When several large multi-state nursing home chains filed for bankruptcy protection in the late 1990s and (unfairly and inaccurately, according to the GAO[13]) blamed their bankruptcies on PPS, Congress responded by increasing Medicare reimbursement rates for SNFs in multiple ways.[14] Although Congress increased the nursing component of all SNF rates by 16.66%,[15] SNFs did not spend the billion-dollar rate increase on nurse staffing, as Congress intended but did not explicitly require. The GAO found, "in the aggregate, SNFs' nurse staffing ratios changed little after the increase in the nursing component of the Medicare payment rate took effect. Overall, SNFs' average nursing time increased by 1.9 minutes per patient day."[16]
In the absence of a SNF-specific wage index, CMS uses the hospital wage index to adjust SNF rates annually. Use of the hospital wage overpays SNFs because, as confirmed by the federal Bureau of Labor Statistics, SNF salaries are lower than those paid to hospital workers. CMS is considering MedPAC's recommendation to develop a SNF-specific wage index.[17]
Health Reform Will Do More to Rein in Medicare Waste
The health reform bills passed by the three committees in the House of Representatives all address waste in the Medicare SNF payment system (PPS). If the House language concerning SNF reimbursement is enacted into law, Congress would freeze the market basket, as MedPAC recommended; incorporate productivity improvement; and change the recalibration factor to retain the budget neutrality that CMS intended when it expanded the number of resident classifications under PPS from 44 to 53. While making these reductions, the House bills also recognize the need for increased reimbursement, under certain circumstances.
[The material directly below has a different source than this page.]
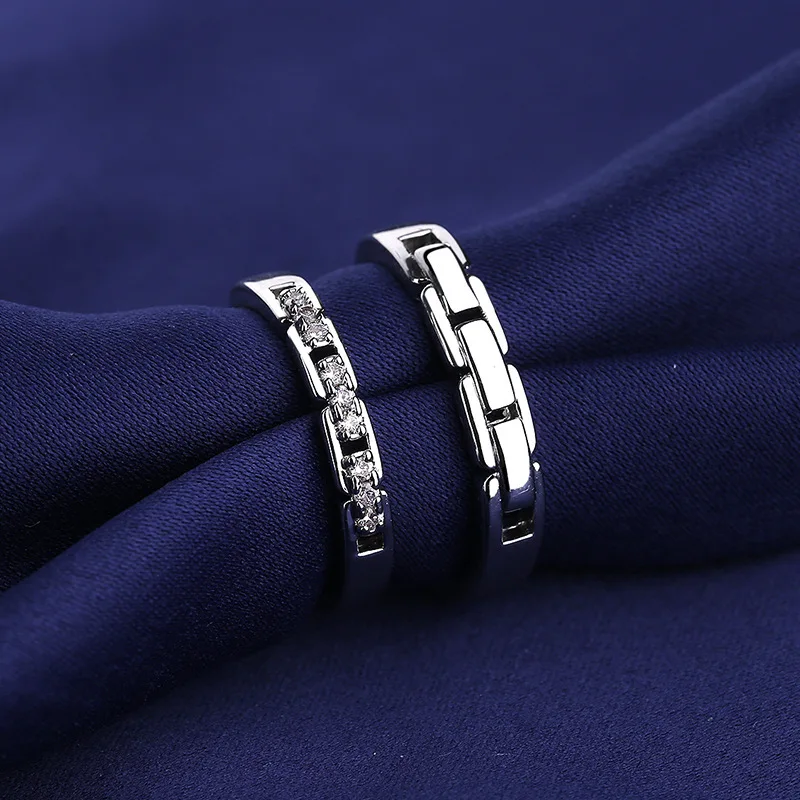 Silver Rings 2PCS 925 sterling black Pearl shine Zircon heart Sunlight fashion original womer lovers gift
H.R. 3200 specifically recognizes the need for upward adjustments in non-therapy ancillary costs for certain very high-cost residents (such as those needing ventilators) and, for the first time in the SNF PPS, includes an outlier payment system for very high costs that exceed the existing payment scale.
Conclusion
CMS has taken strong steps to eliminate some of the waste and overpayments to SNFs that have been well-documented by MedPAC and the GAO for many years. In the final regulations published in August, CMS eliminated the look-back period; recalibrated the rates to maintain budget neutrality; revised the rules for concurrent therapy; and is considering development of a SNF-specific wage index. These changes and the changes included in H.R. 3200 should not result in reduced staffing and quality of care, as suggested by the nursing home industry. Instead, they will improve the integrity of the Medicare program by ensuring that SNFS are reimbursed accurately and fairly for the services they actually provide.